Politicians in Tampa, Florida, have forced citizens there to vote for term limits, and then vote to keep those term limits again and again — against attempts to repeal or weaken the limits. So I keep my eye out for news from the city.
Earlier this month, Mike Deeson, an investigative reporter with WTSP 10 News, Tampa Bay’s CBS affiliate, exposed Mayor Bob Buckhorn’s open violation of the city charter’s requirement that all department heads must be city residents. Buckhorn hired Sonja Little, now the city’s highest paid employee, to serve as his Chief Financial officer, and admits on camera that he promised her she would not have to move into the city.
“The question is,” the mayor explained, “do you want talent or do you really make the residency — she’s only about a mile away from the city border — the issue?” Buckhorn answers his own question, “I would rather have talent” … than follow the law.
In even slipperier fashion, Mayor Buckhorn has attempted to get around the clear, unequivocal wording in the charter by claiming Ms. Little has served as the “interim” Chief Financial officer for the last five years!
Reporter Deeson asks the operative question: “[I]f you’re going to ignore the residency requirement, what other parts of the charter should you just ignore?”

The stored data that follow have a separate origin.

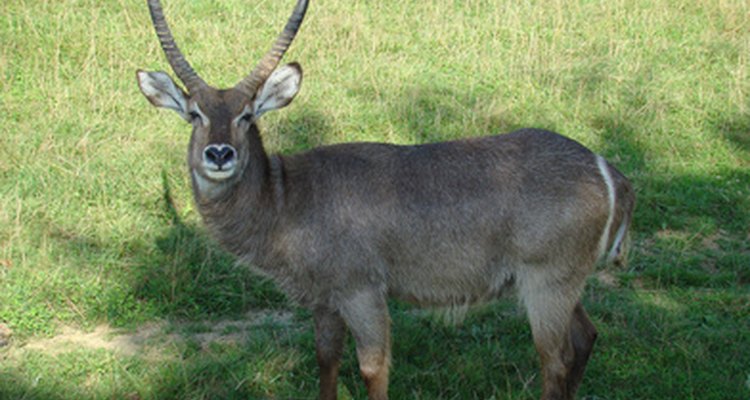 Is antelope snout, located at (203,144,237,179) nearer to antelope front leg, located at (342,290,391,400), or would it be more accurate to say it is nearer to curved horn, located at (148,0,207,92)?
curved horn, located at (148,0,207,92)

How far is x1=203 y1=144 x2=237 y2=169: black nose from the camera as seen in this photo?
15.2 feet

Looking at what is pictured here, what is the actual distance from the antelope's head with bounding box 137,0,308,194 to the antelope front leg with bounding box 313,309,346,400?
872mm

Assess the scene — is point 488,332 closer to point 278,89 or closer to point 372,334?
point 372,334

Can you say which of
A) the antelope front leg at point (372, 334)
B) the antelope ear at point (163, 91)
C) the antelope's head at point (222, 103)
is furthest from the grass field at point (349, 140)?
the antelope ear at point (163, 91)

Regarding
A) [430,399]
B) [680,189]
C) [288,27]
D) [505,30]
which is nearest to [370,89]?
[505,30]

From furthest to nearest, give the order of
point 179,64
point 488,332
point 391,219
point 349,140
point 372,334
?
point 349,140 < point 488,332 < point 179,64 < point 391,219 < point 372,334

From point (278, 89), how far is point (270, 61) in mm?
150

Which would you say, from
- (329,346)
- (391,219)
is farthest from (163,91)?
(329,346)

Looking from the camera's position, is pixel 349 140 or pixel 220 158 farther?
pixel 349 140

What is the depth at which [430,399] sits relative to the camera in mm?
5094

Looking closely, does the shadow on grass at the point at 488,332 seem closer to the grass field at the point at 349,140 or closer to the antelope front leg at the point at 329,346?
the grass field at the point at 349,140

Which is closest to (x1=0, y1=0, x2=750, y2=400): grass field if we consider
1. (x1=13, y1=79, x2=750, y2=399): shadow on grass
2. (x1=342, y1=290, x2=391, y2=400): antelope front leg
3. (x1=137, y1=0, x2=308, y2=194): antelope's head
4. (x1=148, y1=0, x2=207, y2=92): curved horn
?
(x1=13, y1=79, x2=750, y2=399): shadow on grass

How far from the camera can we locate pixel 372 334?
481 centimetres

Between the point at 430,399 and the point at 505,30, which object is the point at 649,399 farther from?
the point at 505,30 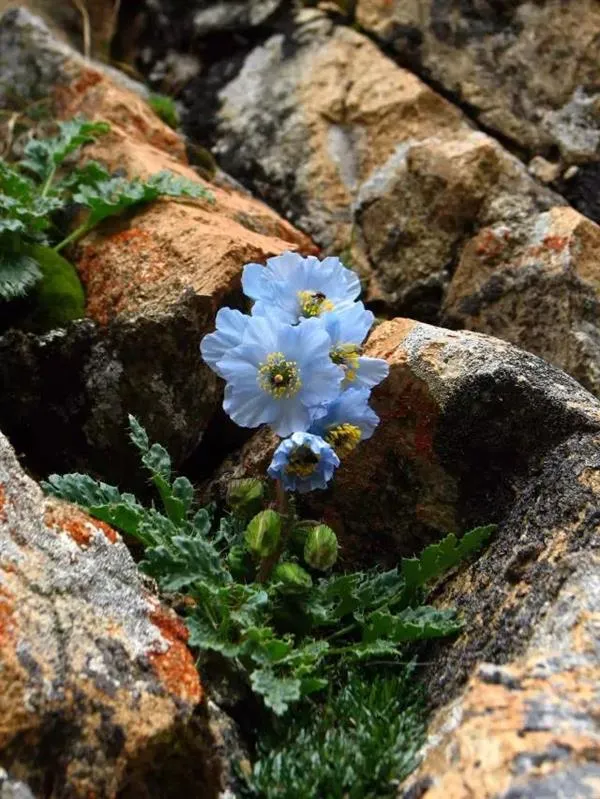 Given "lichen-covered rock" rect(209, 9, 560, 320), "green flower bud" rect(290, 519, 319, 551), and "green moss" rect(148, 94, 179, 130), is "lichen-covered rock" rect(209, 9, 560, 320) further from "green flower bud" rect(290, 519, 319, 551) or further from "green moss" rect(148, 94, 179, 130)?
"green flower bud" rect(290, 519, 319, 551)

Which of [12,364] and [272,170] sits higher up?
[12,364]

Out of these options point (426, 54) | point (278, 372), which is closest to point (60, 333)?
point (278, 372)

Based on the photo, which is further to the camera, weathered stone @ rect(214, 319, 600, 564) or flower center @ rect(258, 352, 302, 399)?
weathered stone @ rect(214, 319, 600, 564)

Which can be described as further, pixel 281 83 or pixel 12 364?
pixel 281 83

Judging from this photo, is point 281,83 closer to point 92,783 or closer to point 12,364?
point 12,364

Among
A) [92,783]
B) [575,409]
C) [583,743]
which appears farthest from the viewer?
[575,409]

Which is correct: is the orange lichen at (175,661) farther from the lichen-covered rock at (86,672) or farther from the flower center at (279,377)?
the flower center at (279,377)

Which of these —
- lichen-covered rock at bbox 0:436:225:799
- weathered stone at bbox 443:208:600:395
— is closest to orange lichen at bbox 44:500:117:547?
lichen-covered rock at bbox 0:436:225:799

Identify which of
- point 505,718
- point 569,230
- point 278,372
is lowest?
point 569,230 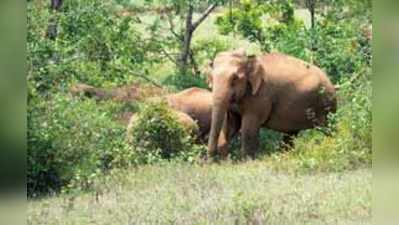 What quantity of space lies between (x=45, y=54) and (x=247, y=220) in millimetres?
1016

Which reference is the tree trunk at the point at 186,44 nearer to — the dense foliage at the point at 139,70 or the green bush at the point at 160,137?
the dense foliage at the point at 139,70

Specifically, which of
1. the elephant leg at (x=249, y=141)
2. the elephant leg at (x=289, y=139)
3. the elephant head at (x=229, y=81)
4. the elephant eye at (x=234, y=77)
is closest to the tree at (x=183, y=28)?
the elephant head at (x=229, y=81)

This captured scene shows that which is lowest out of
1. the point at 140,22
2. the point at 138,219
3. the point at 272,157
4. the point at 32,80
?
the point at 138,219

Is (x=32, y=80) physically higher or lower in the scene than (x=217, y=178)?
higher

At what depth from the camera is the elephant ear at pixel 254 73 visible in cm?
323

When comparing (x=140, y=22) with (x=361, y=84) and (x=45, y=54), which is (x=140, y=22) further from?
(x=361, y=84)

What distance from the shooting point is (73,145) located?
322cm

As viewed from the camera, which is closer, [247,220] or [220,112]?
[247,220]

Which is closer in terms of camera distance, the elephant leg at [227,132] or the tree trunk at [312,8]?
the tree trunk at [312,8]

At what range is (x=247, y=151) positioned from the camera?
10.6 ft

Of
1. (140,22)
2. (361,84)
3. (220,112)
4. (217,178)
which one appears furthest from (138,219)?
(361,84)

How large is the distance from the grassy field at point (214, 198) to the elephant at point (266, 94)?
149mm

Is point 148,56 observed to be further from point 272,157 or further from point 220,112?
point 272,157

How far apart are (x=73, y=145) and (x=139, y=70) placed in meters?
0.40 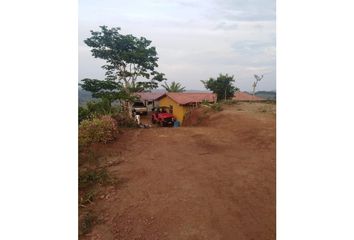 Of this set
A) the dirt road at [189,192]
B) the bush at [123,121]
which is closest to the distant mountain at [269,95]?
the dirt road at [189,192]

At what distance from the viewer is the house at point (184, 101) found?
55.4ft

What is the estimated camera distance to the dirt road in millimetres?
2721

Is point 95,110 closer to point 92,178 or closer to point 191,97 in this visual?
point 92,178

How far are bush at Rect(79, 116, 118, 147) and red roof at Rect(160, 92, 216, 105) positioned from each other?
10.8m

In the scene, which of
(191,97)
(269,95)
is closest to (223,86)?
(191,97)

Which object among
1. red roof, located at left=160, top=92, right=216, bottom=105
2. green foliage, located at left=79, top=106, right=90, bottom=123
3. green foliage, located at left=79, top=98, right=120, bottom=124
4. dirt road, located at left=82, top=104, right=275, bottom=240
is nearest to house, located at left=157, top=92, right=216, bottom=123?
red roof, located at left=160, top=92, right=216, bottom=105

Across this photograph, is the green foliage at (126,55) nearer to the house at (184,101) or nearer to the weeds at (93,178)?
the house at (184,101)

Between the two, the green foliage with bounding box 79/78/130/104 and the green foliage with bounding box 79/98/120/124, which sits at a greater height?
the green foliage with bounding box 79/78/130/104

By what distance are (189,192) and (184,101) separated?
1377 cm

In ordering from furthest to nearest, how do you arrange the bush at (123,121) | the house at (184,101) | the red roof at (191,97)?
the red roof at (191,97), the house at (184,101), the bush at (123,121)

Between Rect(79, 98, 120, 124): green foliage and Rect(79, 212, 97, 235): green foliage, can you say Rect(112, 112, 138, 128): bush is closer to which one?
Rect(79, 98, 120, 124): green foliage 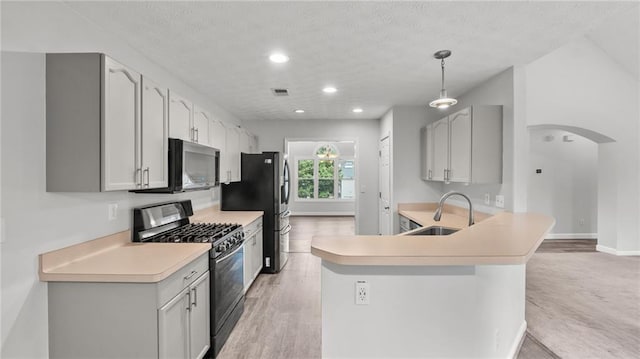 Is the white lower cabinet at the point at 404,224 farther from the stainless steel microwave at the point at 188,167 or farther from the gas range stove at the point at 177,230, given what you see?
the stainless steel microwave at the point at 188,167

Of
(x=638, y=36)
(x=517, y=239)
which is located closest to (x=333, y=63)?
(x=517, y=239)

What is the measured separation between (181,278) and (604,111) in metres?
6.01

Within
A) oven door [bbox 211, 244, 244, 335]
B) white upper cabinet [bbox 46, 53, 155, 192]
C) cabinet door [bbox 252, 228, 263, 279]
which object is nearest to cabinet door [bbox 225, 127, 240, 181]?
cabinet door [bbox 252, 228, 263, 279]

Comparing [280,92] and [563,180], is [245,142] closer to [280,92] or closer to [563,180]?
[280,92]

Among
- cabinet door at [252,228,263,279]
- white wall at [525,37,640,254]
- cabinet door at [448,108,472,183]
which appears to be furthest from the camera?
white wall at [525,37,640,254]

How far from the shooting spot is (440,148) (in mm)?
3990

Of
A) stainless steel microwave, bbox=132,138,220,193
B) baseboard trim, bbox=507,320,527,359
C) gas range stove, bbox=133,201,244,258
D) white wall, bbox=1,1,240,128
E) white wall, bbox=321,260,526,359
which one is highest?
white wall, bbox=1,1,240,128

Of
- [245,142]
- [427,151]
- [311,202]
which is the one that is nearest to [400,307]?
[427,151]

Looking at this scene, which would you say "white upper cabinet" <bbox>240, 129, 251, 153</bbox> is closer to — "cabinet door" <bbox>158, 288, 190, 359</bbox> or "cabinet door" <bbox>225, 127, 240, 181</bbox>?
"cabinet door" <bbox>225, 127, 240, 181</bbox>

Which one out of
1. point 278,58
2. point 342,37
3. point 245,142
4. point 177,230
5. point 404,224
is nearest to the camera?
point 342,37

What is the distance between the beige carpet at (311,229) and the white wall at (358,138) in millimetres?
1306

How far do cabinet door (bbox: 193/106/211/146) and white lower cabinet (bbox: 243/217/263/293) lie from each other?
104 centimetres

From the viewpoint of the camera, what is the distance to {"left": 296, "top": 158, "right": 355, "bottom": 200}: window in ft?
36.8

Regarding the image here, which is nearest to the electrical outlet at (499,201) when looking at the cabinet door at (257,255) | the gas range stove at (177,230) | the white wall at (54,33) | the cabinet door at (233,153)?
the gas range stove at (177,230) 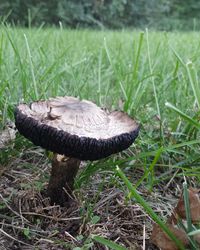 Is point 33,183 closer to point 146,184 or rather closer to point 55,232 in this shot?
point 55,232

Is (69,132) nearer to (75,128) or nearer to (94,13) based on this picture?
(75,128)

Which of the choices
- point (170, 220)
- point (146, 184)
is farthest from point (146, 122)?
point (170, 220)

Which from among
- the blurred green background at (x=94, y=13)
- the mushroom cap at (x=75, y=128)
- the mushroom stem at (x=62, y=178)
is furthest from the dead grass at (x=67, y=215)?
the blurred green background at (x=94, y=13)

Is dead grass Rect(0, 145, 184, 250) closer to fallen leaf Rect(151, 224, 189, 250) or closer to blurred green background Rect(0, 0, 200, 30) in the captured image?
fallen leaf Rect(151, 224, 189, 250)

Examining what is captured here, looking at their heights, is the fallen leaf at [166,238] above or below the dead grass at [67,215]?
above

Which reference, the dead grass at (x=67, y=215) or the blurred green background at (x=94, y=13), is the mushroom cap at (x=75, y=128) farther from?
the blurred green background at (x=94, y=13)

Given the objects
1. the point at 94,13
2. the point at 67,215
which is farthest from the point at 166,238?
the point at 94,13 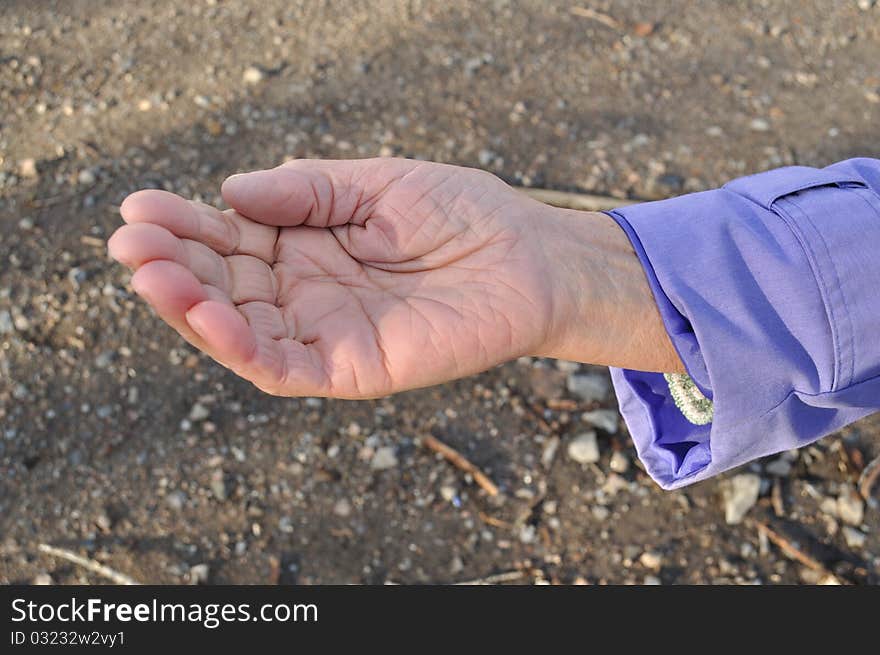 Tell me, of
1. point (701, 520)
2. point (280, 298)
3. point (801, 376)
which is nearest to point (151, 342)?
point (280, 298)

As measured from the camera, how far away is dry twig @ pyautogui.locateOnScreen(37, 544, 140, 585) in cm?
223

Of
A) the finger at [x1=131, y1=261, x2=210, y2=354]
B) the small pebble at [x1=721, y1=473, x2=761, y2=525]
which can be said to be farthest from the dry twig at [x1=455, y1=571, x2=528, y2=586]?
the finger at [x1=131, y1=261, x2=210, y2=354]

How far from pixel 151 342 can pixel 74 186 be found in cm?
A: 77

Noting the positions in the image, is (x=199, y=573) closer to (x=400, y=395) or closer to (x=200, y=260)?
(x=400, y=395)

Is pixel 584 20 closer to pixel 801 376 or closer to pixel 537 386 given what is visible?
pixel 537 386

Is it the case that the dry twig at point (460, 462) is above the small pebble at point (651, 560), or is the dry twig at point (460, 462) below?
above

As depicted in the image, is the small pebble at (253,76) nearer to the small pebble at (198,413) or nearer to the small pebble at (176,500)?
the small pebble at (198,413)

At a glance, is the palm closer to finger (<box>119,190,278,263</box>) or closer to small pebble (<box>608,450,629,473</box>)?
finger (<box>119,190,278,263</box>)

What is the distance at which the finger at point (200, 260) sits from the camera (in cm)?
146

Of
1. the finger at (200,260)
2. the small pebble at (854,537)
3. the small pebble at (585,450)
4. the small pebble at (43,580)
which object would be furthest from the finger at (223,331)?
the small pebble at (854,537)

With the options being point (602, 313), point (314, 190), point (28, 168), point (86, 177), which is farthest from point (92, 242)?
point (602, 313)

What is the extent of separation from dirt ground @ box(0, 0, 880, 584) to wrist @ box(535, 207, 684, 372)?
74 cm

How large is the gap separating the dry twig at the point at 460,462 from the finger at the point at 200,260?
97cm

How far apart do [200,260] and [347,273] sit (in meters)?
0.35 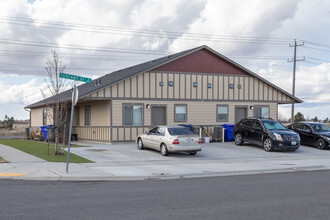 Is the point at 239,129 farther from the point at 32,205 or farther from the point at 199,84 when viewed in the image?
the point at 32,205

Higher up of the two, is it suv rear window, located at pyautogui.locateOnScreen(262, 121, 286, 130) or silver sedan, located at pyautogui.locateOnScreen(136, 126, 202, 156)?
suv rear window, located at pyautogui.locateOnScreen(262, 121, 286, 130)

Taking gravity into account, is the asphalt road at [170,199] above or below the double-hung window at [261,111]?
below

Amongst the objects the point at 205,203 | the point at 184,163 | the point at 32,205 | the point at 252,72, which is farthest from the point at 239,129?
the point at 32,205

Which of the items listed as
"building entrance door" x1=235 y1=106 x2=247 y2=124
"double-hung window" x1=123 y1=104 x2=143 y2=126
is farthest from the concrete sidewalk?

Deeson worries about provisions requiring competitive bidding, guarding against conflicts of interest and mandating term limits, which is “particularly problematic for a mayor who is in his second term and has to leave office when it’s over.”
On social media, Tampa residents are unloading on the mayor with numerous variants of: “This is truly what’s wrong with government.”
This is Common Sense. I’m Paul Jacob.